*Task objective:* Shown below is a listing with pictures; reproduce exactly, and only, the lines between the ones containing "Flamingo Complejo | Canadian Resort Vallarta" and "Gambar Makanan Ayam", inclusive, leaving the pictures out.

━━━━

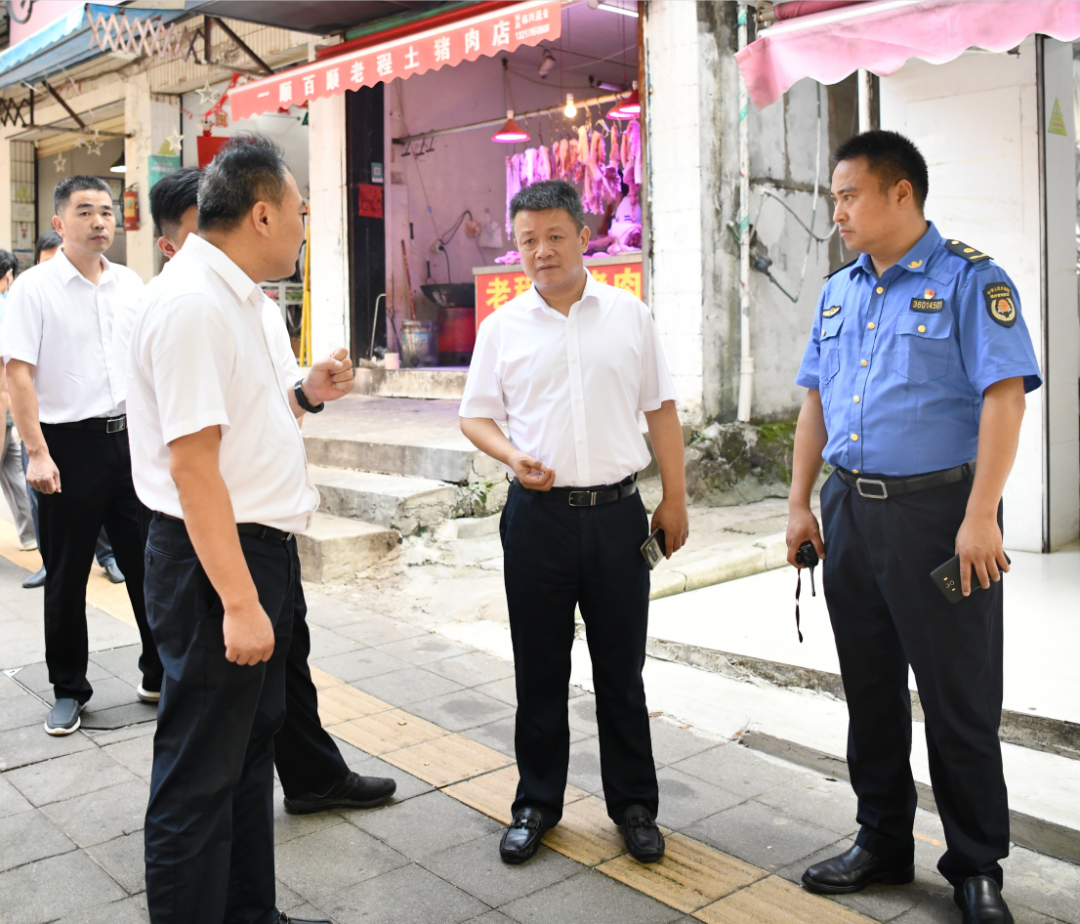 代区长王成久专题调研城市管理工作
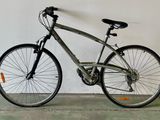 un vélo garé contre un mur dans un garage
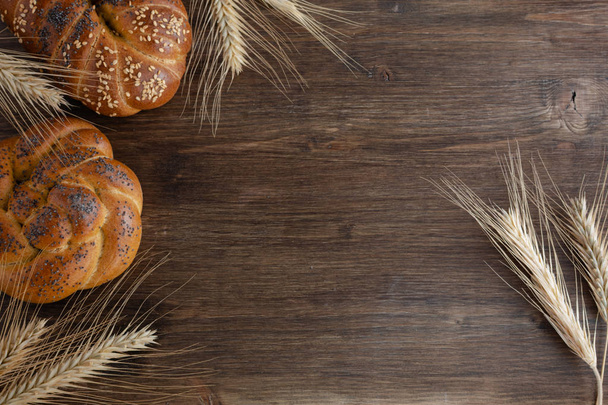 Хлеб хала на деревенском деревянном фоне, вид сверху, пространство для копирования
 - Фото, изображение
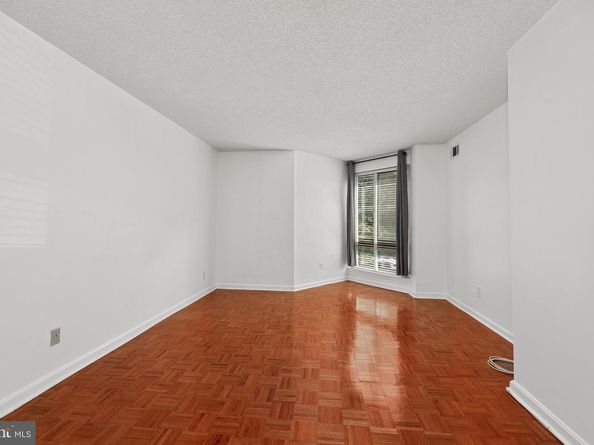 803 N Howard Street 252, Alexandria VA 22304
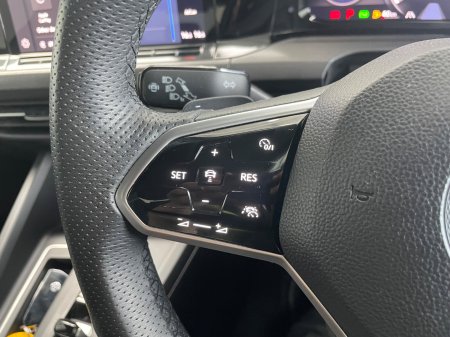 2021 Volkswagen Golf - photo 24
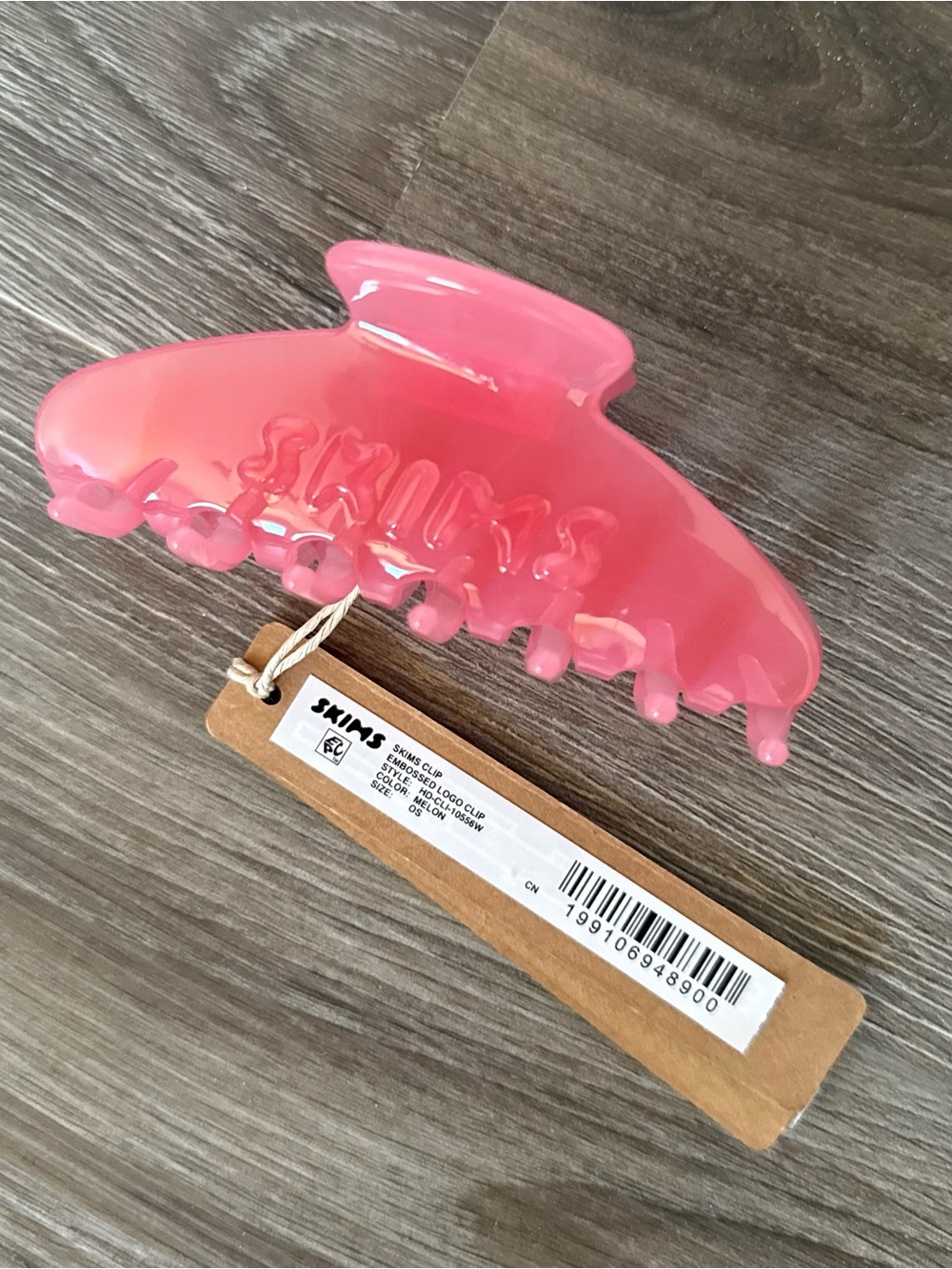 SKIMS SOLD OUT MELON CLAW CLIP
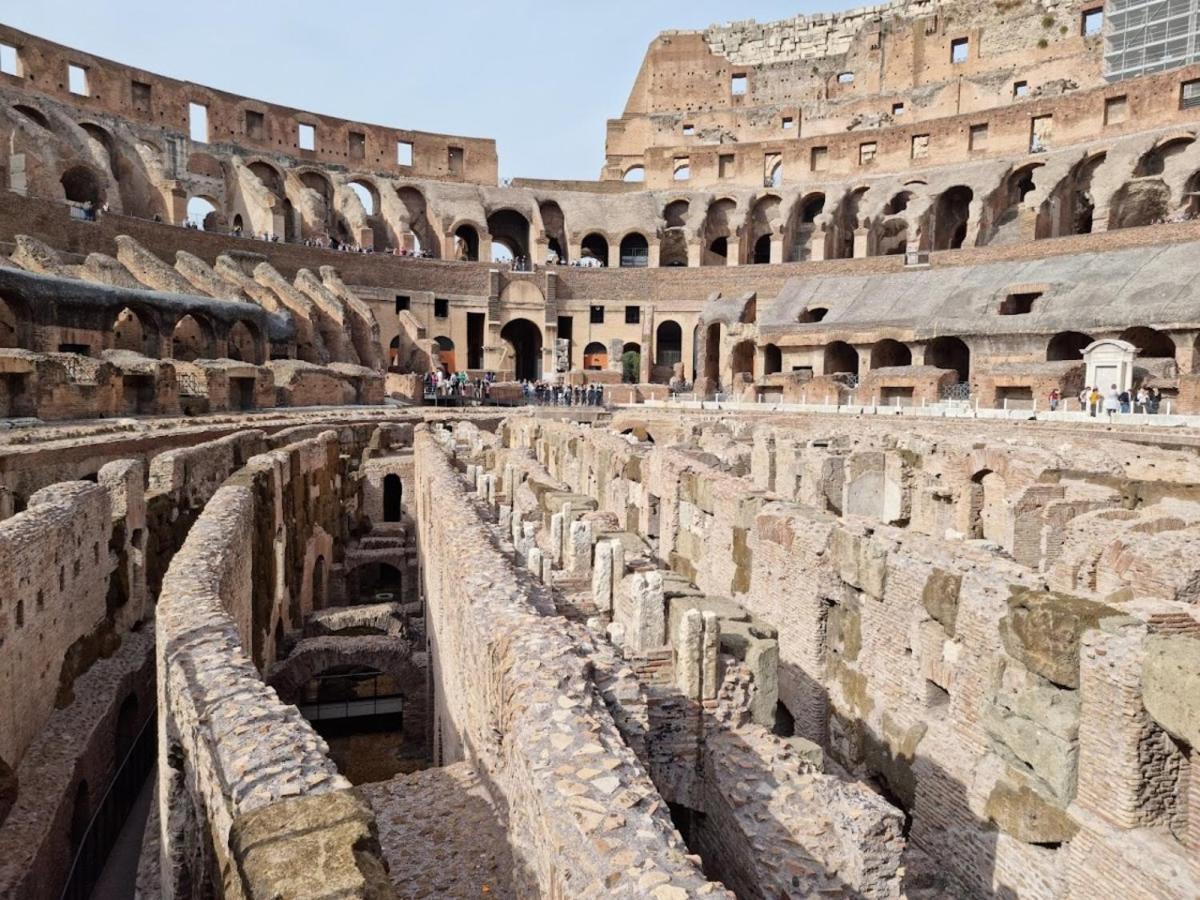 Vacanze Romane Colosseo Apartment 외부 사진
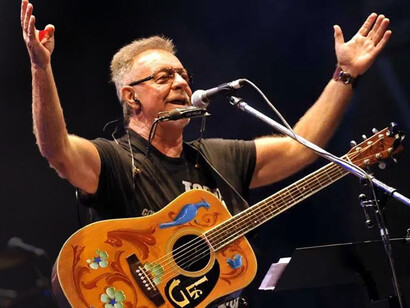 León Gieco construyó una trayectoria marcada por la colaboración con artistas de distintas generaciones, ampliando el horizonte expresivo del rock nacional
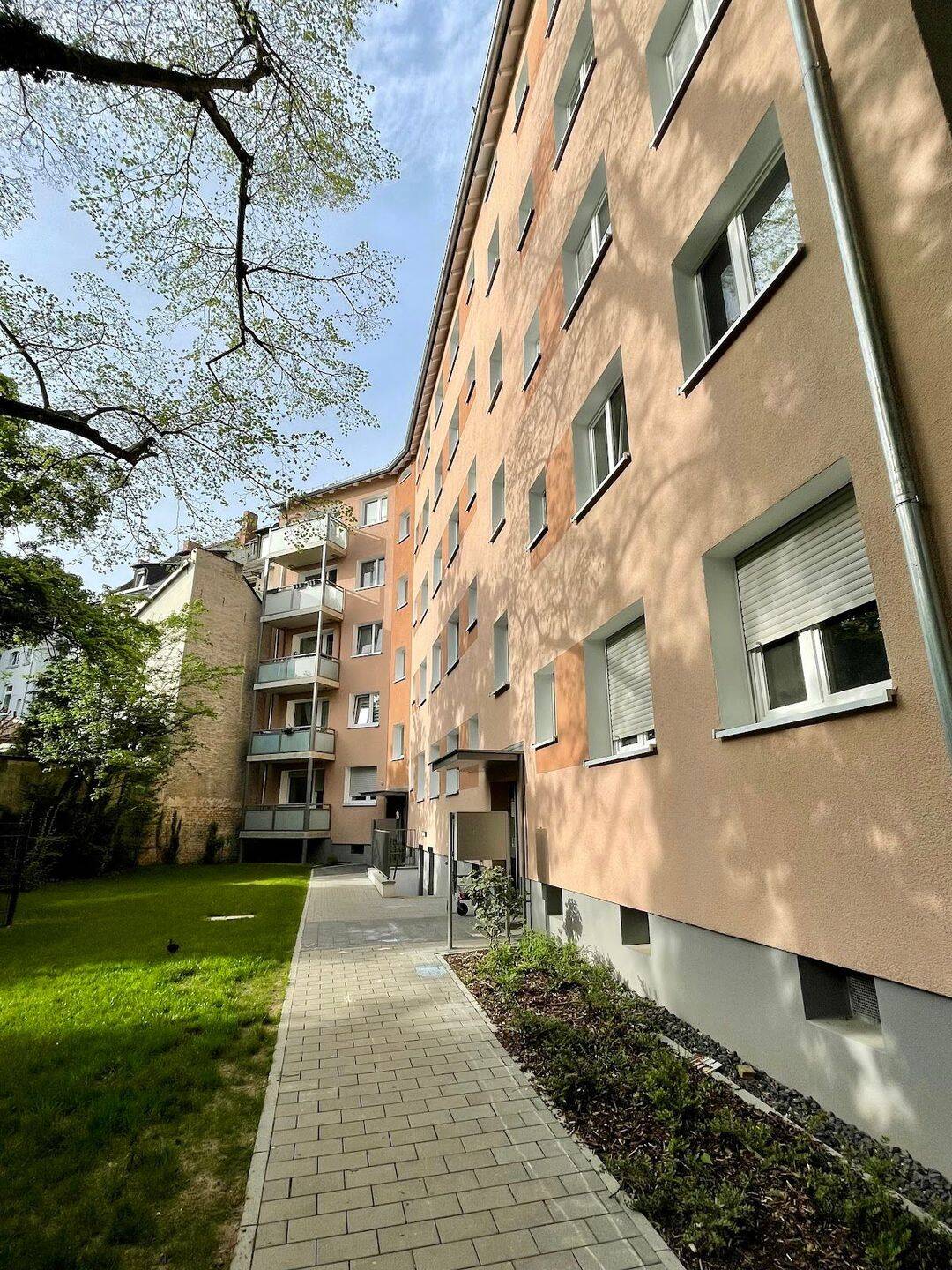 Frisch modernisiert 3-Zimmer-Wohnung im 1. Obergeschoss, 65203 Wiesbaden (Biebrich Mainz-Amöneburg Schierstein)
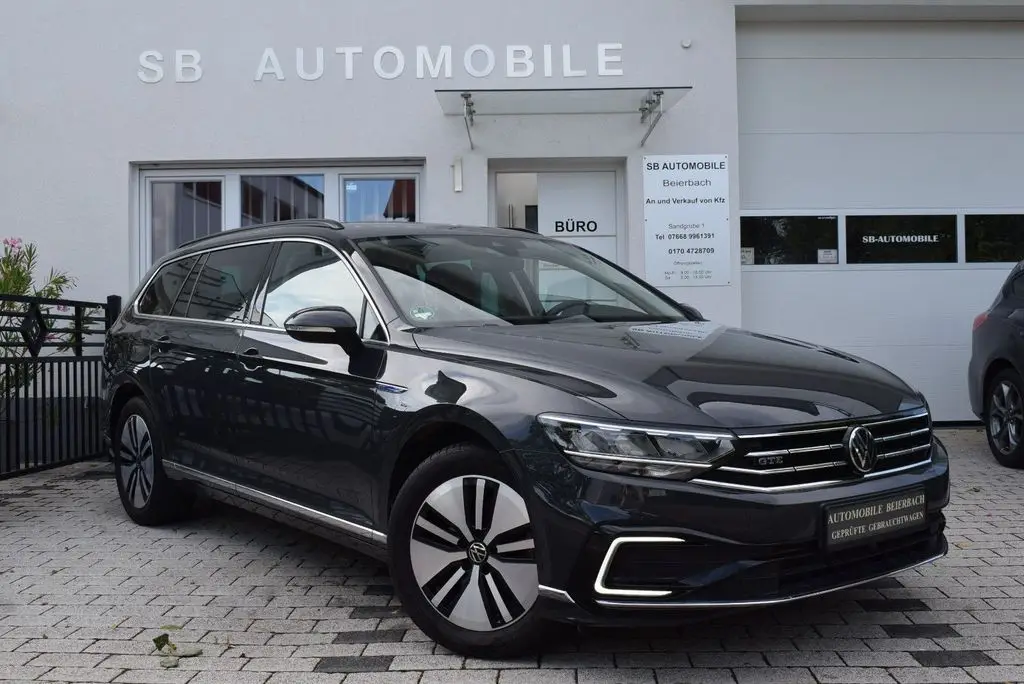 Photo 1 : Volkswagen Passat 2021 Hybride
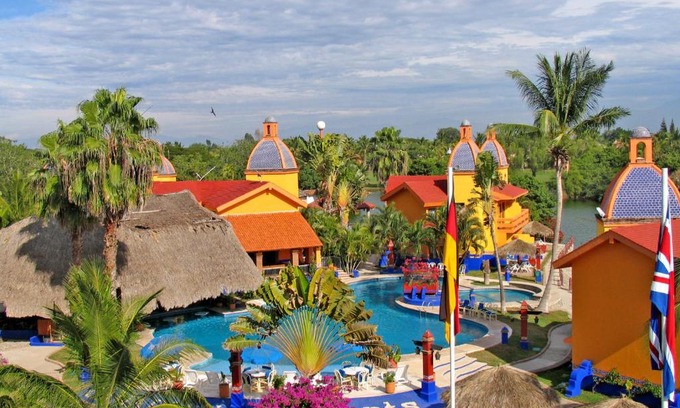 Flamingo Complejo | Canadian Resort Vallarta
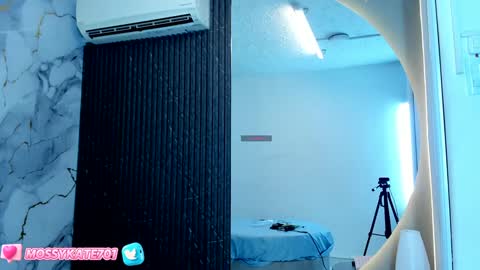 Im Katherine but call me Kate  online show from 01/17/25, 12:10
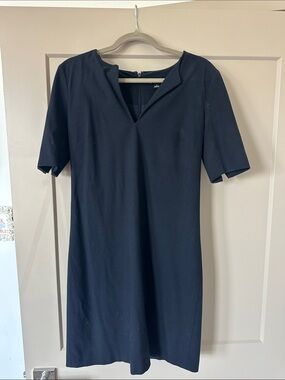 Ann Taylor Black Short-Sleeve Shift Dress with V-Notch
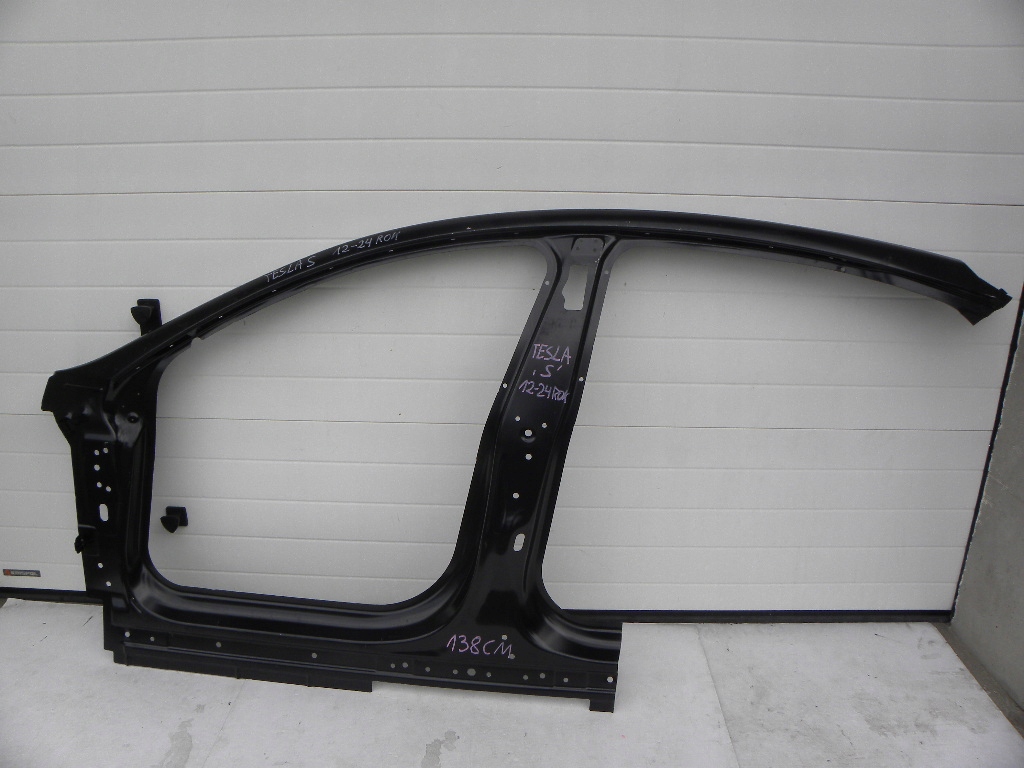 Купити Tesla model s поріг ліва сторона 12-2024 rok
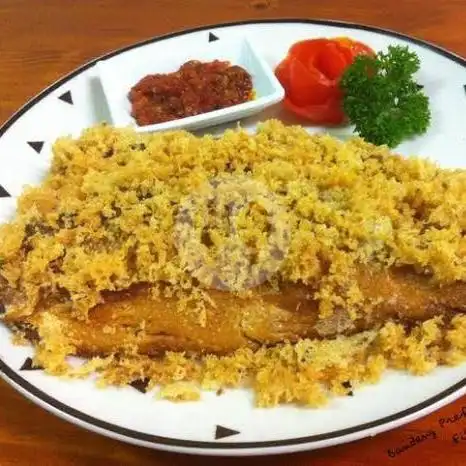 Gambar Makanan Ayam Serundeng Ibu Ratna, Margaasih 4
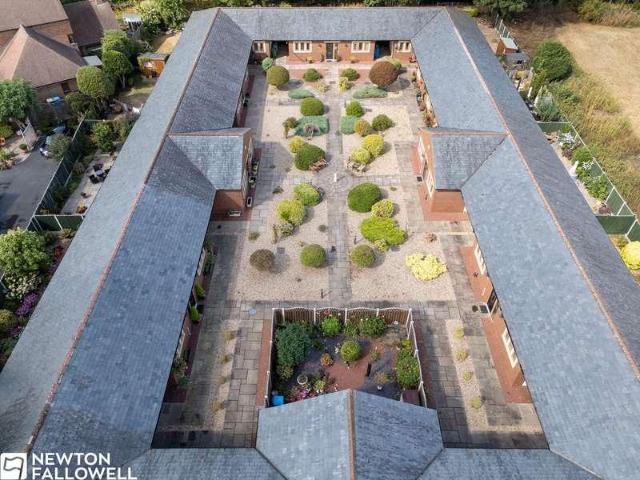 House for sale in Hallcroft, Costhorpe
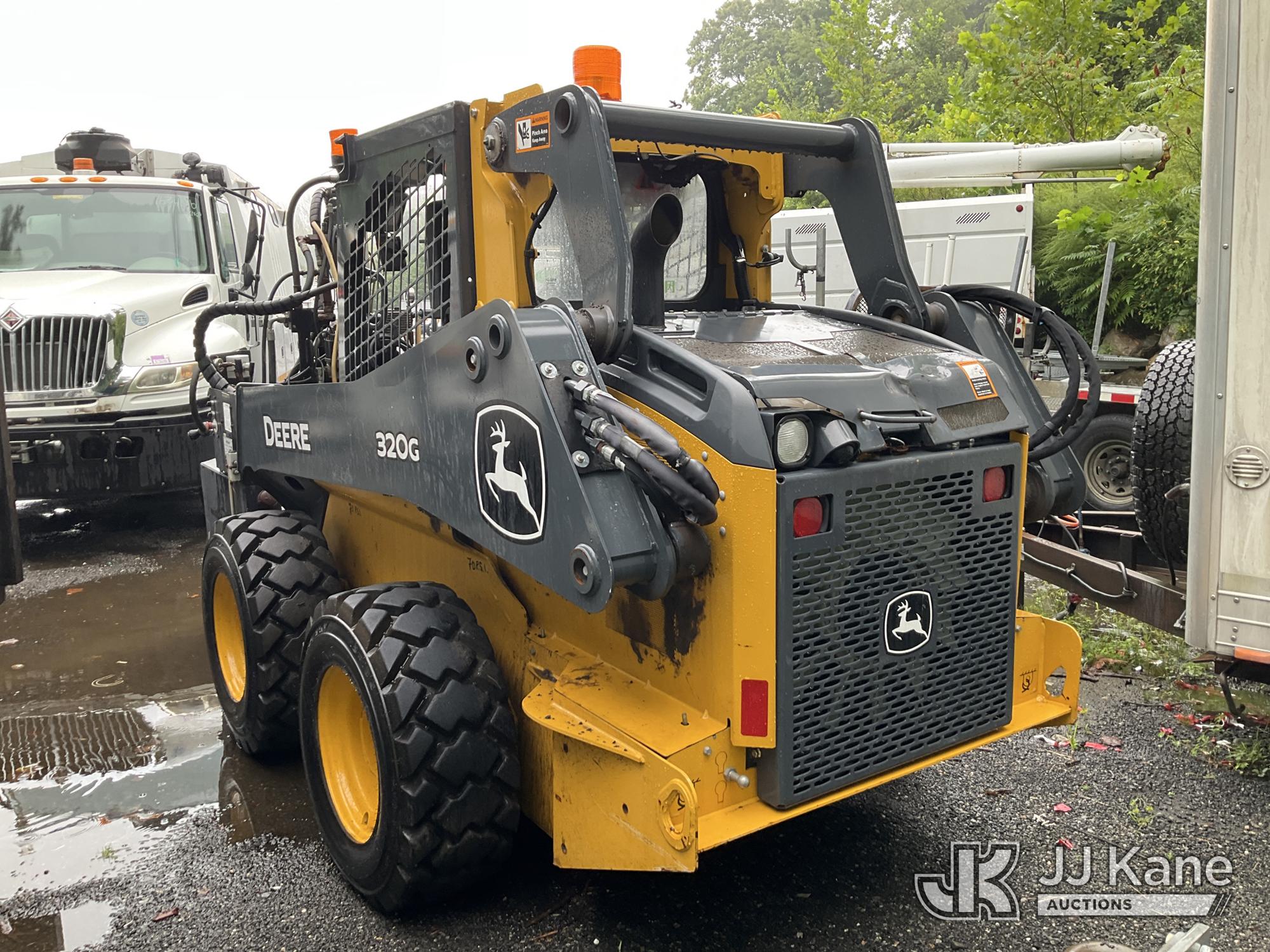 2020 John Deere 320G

━━━━

*Output:*
 Flamingo Complejo | Canadian Resort Vallarta
 Im Katherine but call me Kate  online show from 01/17/25, 12:10
 Ann Taylor Black Short-Sleeve Shift Dress with V-Notch
 Купити Tesla model s поріг ліва сторона 12-2024 rok
 Gambar Makanan Ayam Serundeng Ibu Ratna, Margaasih 4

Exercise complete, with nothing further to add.